A judge ruled Tuesday that Attorney General Andy Beshear can hire outside attorneys to sue drug manufacturers and distributors without getting approval from the Bevin Administration.
In a 12-page ruling, Franklin Circuit Judge Phillip Shepherd said Gov. Matt Bevin’s power to implement executive authority “does not authorize him to micro-manage or dictate legal strategy and tactics to the state’s independently-elected chief lawyer who represents all citizens.”
Beshear, a Democrat, said Tuesday that Shepherd’s ruling “tells the governor to stop obstructing and delaying our efforts.” On Monday, he filed his third lawsuit against a drug distributor.
A spokeswoman for Bevin, a Republican, said the ruling “is not consistent with the law and should be reversed.”
Elizabeth Kuhn, communications director for Bevin, noted that Bevin asked Beshear in a letter two weeks ago “to put aside differences and work together jointly to pursue opioid litigation.” She said Beshear has not responded.
Beshear claimed last month in a lawsuit filed in Franklin Circuit Court that state Finance Secretary William M. Landrum IIII was wrong when he ordered a review of Beshear’s contingency fee contracts with outside attorneys to litigate claims against opioid manufacturers and distributors.

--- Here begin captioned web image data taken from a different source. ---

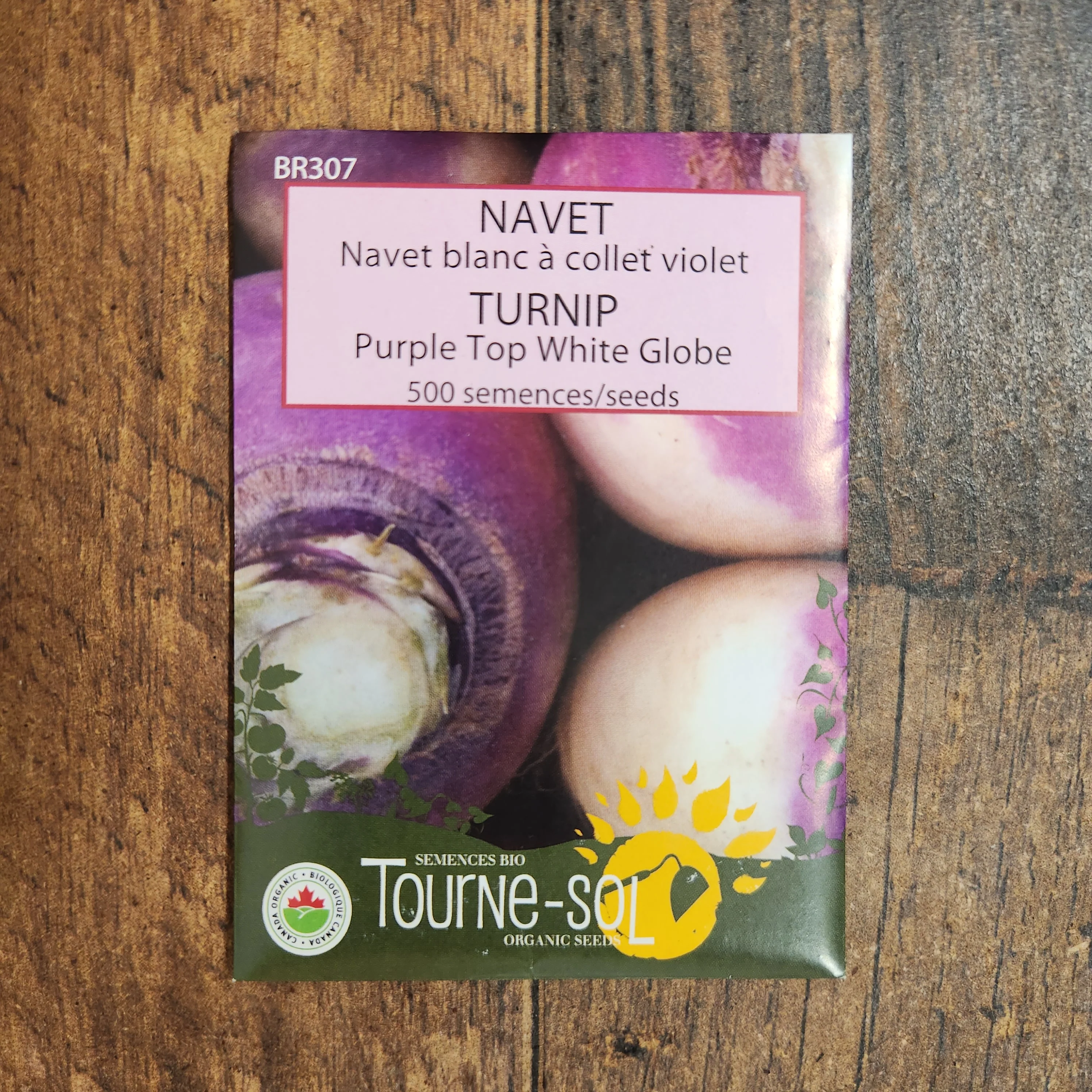 Navet blanc à collet violet bio - Image 2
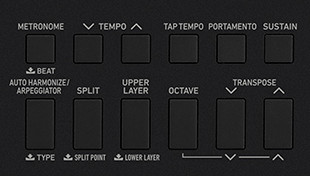 CASIO CT-X3000 Keyboard - SMF/WAV player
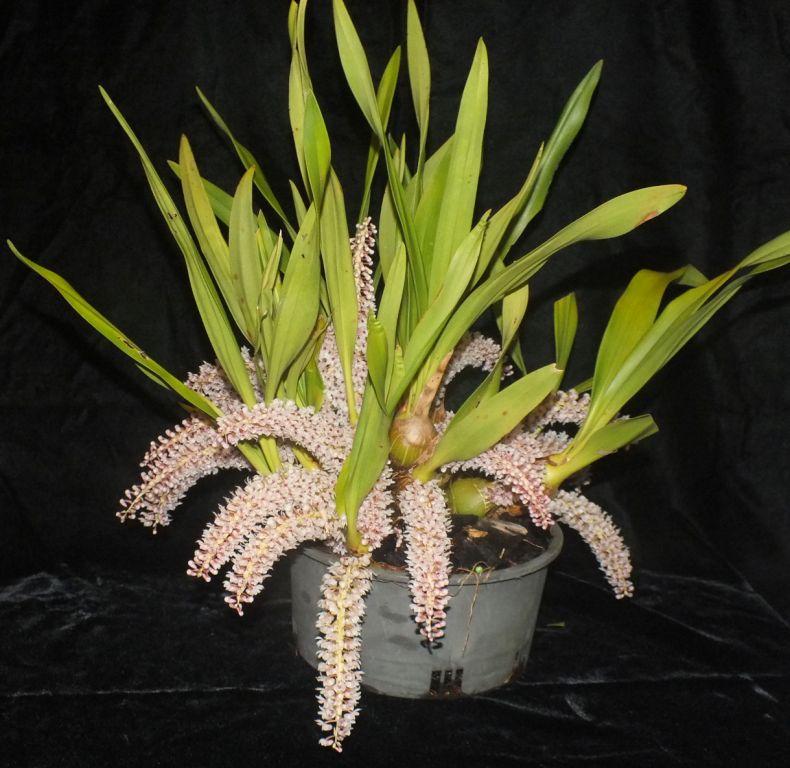 Pinalia rhynchostyloides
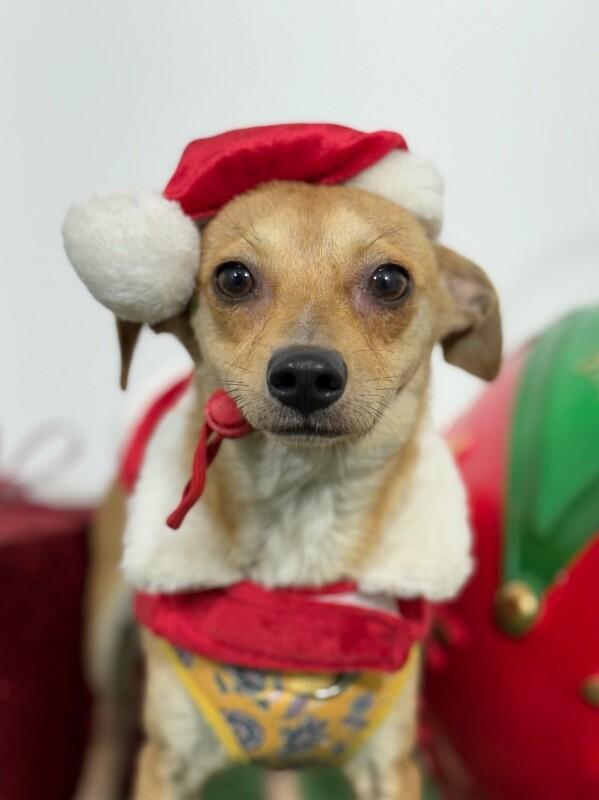 Enlarge Piolin, a Adoptable mixed breed in Petaluma, CA image 1/1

In September, Beshear announced he had hired four law firms to to investigate and potentially sue drug manufacturers, distributors and retailers that contributed to Kentucky’s opioid abuse epidemic. State tax dollars will not pay for the cost of litigation. Instead, the law firms will get a portion of any verdict or settlement.
Hours later, though, the Bevin Administration said Beshear’s announcement was premature and questioned whether Beshear, a Democrat, had followed the required process to approve the contract.
Bevin’s Finance and Administration Cabinet rejected the proposed contract twice but approved it on Dec. 21. The legislature’s Government Contract Review Committee later recommended that Landrum cancel the contract, saying there should be a more favorable contingency fee schedule that caps attorney fees.
Landrum had 10 days to respond to the committee’s actions but Beshear took the issue to Franklin Circuit Court on Jan. 16.
On Jan. 18, Landrum said he would not override the committee’s decision and that the contract was canceled. Shepherd heard arguments on Beshear’s lawsuit on Jan. 19.
“The attorney general obviously believed in the importance of the contract review process because he followed the process until his contract was denied,” Kuhn said. “Then, when he didn’t get his way, he turned to the courts to rubber stamp an outrageous and unprecedented power grab.”
Shepherd said to allow Landrum “to hold veto over these contracts entered into by the commonwealth’s independently elected chief legal officer would inappropriately inject the cabinet into the attorney general’s exercise of legal judgment, strategy and tactics in discharging his fundamental constitutional obligations.”
He said Landrum “failed to articulate any good faith basis for his denial of approval of this contingency-fee-based legal services contract.”
Shepherd also said the legislature cannot abrogate Beshear’s common law powers to the extent that he is “practically prevented from discharging the substantial duties of his office.”